From: Christoph Hellwig <hch@infradead.org>
To: Jamie Lokier <jamie@shareable.org>
Cc: Christoph Hellwig <hch@infradead.org>,
"Michael Kerrisk (man-pages)" <mtk.manpages@gmail.com>,
Heinrich Schuchardt <xypron.glpk@gmx.de>,
linux-man@vger.kernel.org, Dave Chinner <david@fromorbit.com>,
Theodore T'so <tytso@mit.edu>,
Linux-Fsdevel <linux-fsdevel@vger.kernel.org>,
Miklos Szeredi <miklos@szeredi.hu>
Subject: [PATCH] fsync_range, was: Re: munmap, msync: synchronization
Date: Tue, 22 Apr 2014 02:28:37 -0700 [thread overview]

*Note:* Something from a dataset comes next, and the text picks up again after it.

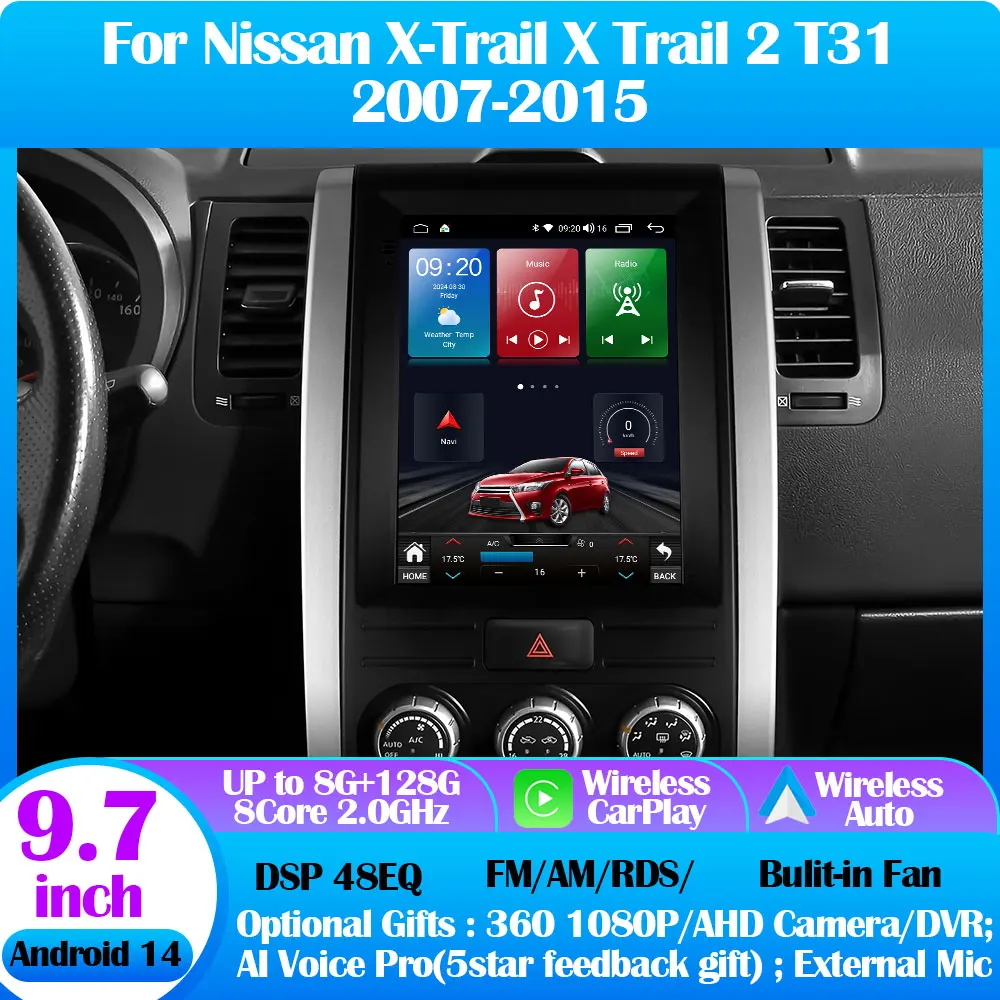 Android 14 For Nissan X-Trail X Trail 2 T31 2007-2015 9.7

Message-ID: <20140422092837.GA6191@infradead.org> (raw)
In-Reply-To: <20140422070421.GI30215@jl-vm1.vm.bytemark.co.uk>
[-- Attachment #1: Type: text/plain, Size: 2198 bytes --]

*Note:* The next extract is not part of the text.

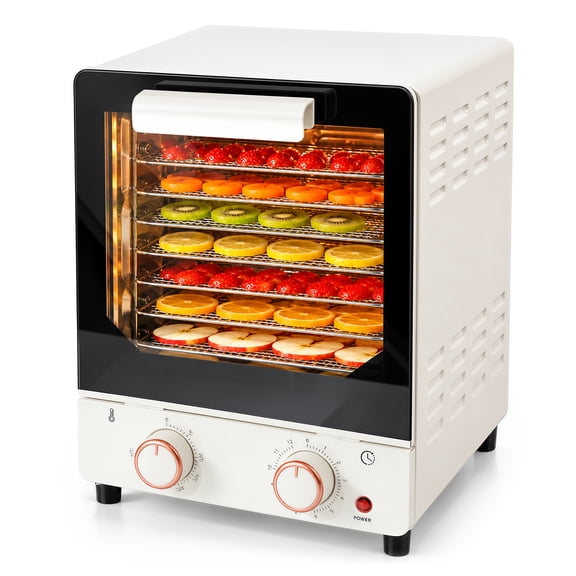 Nogroa Food Dehydrator, 8 Stainless Steel Trays Dehydrator Machine for Food, Jerky and Fruit, 86-194F Temperature Control, 12H Timer, Dishwasher Safe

On Tue, Apr 22, 2014 at 08:04:21AM +0100, Jamie Lokier wrote:
> Hi Christoph,
>
> Hardly research, I just did a quick Google and was surprised to find
> some results. AIX API differs from the BSDs; the BSDs seem to agree
> with each other. fsync_range(), with a flag parameter saying what type
> of sync, and whether it flushes the storage device write cache as well
> (because they couldn't agree that was good - similar to the barriers
> debate).
There is no FreeBSD implementation, I think you were confused by FreeBSD
also hosting NetBSD man pages on their site, just as I initially was.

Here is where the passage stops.